Tuesday, July 17, 2012

Considering Acts of Service


The words an Acts of Service person wants to hear most are these: “Let me do that for you” (“The 5 Love Languages”). Making more work or promising to help and then not can bring hurt feelings (“The 5 Love Languages”).

I decided to start with this language because it is my lowest. I thought for a long time it was tied with the rest, but I decided to take the “For Singles” quiz on the 5 Love Languages website and got a zero.

I think women can falsely believe this is our love language because we feel pleased when our husbands pitch in around the house. As progressive as we are, women, in general, are still often expected to take care of the majority of that work. I don’t say it to be controversial—I say it because I see it over and over and over again: in my generation, in ones before me, and in younger generations as well. “We’ve come a long way baby…” but some mindsets are still lingering. I also don’t say it to make some sweeping statement about who should be doing what in a home, but I do think a conversation on roles and responsibilities would be valuable.

If you aren’t married yet, you can watch how your possible in-laws handle things, or ask your fiancé how things were handled in his or her house. Often we mimic the setting we grew up in.

One difference in the traditional mindset may arise when love languages are considered. Whether or not your father-in-law helped around the household chores, if your husband’s love language is Acts of Service, he might be more obliging to do these tasks because he is saying “I love you” with every sweep of the broom, every folding of the socks. In turn, your mopping, vacuuming, wiping, and cleansing will mean a lot more to him than you simply doing what needs to be done.

Men, if your wife’s love language is Acts of Service, then your helping around the house is far more than a comment on your stance on feminism. It actually has nothing to do with that at all, but everything to do with learning to show your affection for her in one of the ways she needs it most.

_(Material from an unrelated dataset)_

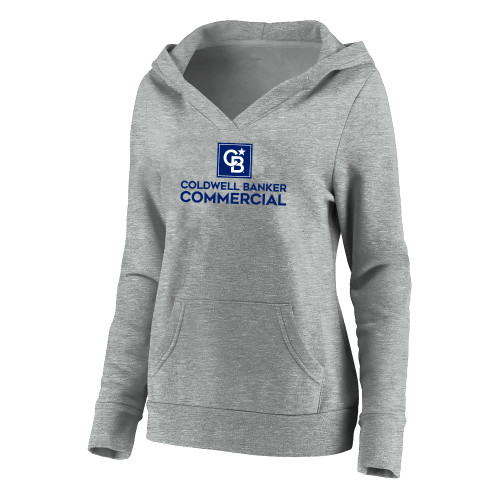 Womens Plus Heather Grey Hoodie-Coldwell Banker Commercial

Just because I scored low on Acts of Service doesn’t mean I don’t need help. In fact, I find myself getting incredibly frustrated when this language is left unspoken. Why? Because, as I wrote before in this post, marriage is a partnership, and with us both working outside the home, I need us both to be working equally inside the home as well.

Besides taking the quiz on the book’s website, you can consider this question: do you feel loved, appreciated, and cared for when someone helps you with chores, lawn work, cooking, or cleaning? Do you feel neglected and extraordinarily frustrated when these things are ignored, or when it feels that each of these areas of work is left up to you?

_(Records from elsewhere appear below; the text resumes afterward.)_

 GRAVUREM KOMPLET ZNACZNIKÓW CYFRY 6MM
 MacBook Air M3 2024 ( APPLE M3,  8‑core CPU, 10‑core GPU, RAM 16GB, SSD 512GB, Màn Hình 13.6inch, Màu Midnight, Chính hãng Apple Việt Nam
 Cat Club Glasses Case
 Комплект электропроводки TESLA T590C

Here is a question to discuss with your spouse: what are three things you’d love to have done around the house without having to mention it? Make sure you are careful with your wording. “You are such a mess; please just pick up your socks for once in your life,” isn’t the best way to say it. “I love it when you pick up your socks,” is much more positive. Once you’ve come up with some answers, it will be time to put intention into action.




Chapman, Gary. The 5 Love Languages. Chicago: Northfield, 1995. Print.

“The 5 Love Langugages.” The 5 Love Languages. Moody Publishers. n.d. Web. 11 May 2012.